Despite my enthusiasm for the JavaScript 2 proposals, I do think that the new plan to evolve the language in much more modest ways makes a lot more sense...

I'm a great believer in internet standards however here we have a major problem in that at least two parties involved in 'developing' the standard would not want it to progress much at all.
I have written a JavaScript editor in HTML/JS and with JS2 this would be a lot easier.
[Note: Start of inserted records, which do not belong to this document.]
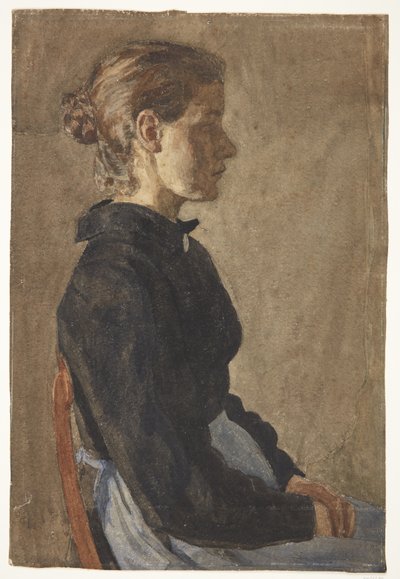 Portret van de schilderes Christine Swane, geboren Larsen, als jong meisje door Peter Hansen
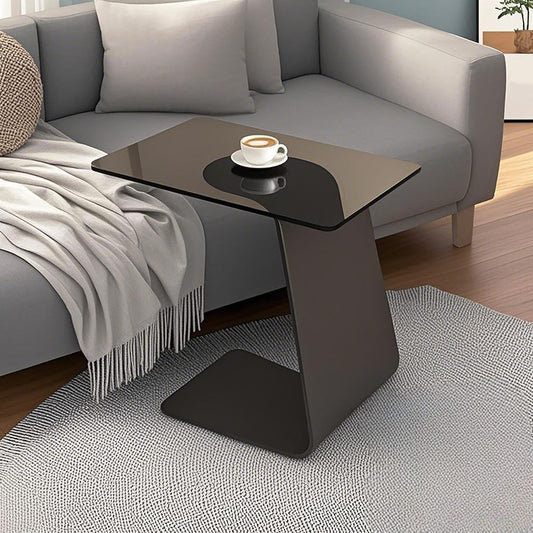 C Shaped End Table, Black Metal Frame Couch Side Table, Space Saving Coffee Table, Side Desk Suitable for Living Room, Bedroom, Bedside, Small Space(48 * 33 * 65Cm)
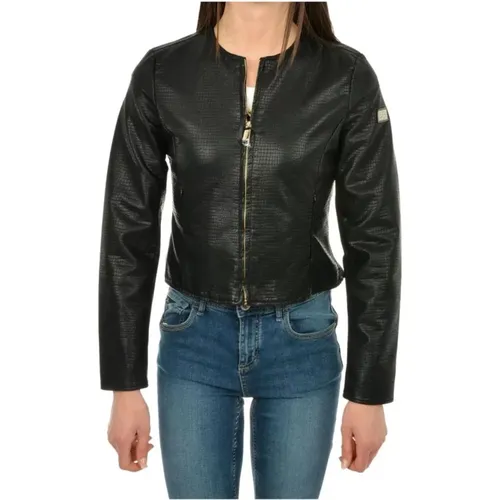 Women Faux Leather Jacket with Pleated Insert , female, Sizes: M, L - YES ZEE - Modalova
With JS2 and SVG one could fairly easily write replacements for Flash and SilverLight.
You can see why MS and Adobe don't want JS to progress past 1996.
I do hope Mozilla has the courage to release a JS2 capable version of FireFox.

What a fantastic article!
Thanks for the time and consideration that went into this piece.
I too am a great believer in internet standards but with the efforts split between the two dominate sources, which way will it go?

Great piece, thanks for sharing this.

i Emuan Preious i am very greatful to write you people of your product that it is good i really like it.
thanks yours friend

When I think about the language of JavaScript I think about something traditionally underappreciated. I looked at it several years ago and thought—my gripes with the language are mostly that its platform is so bad. I had tried it on different web browsers, the main environment where I can get to it, and it's inconsistent between those. When I look at it as language there are a couple things that bother me, about as much as any other mainstream programming language. That was the first time I took it seriously.

An interesting article , thanks for you !


Great piece, thanks for sharing this.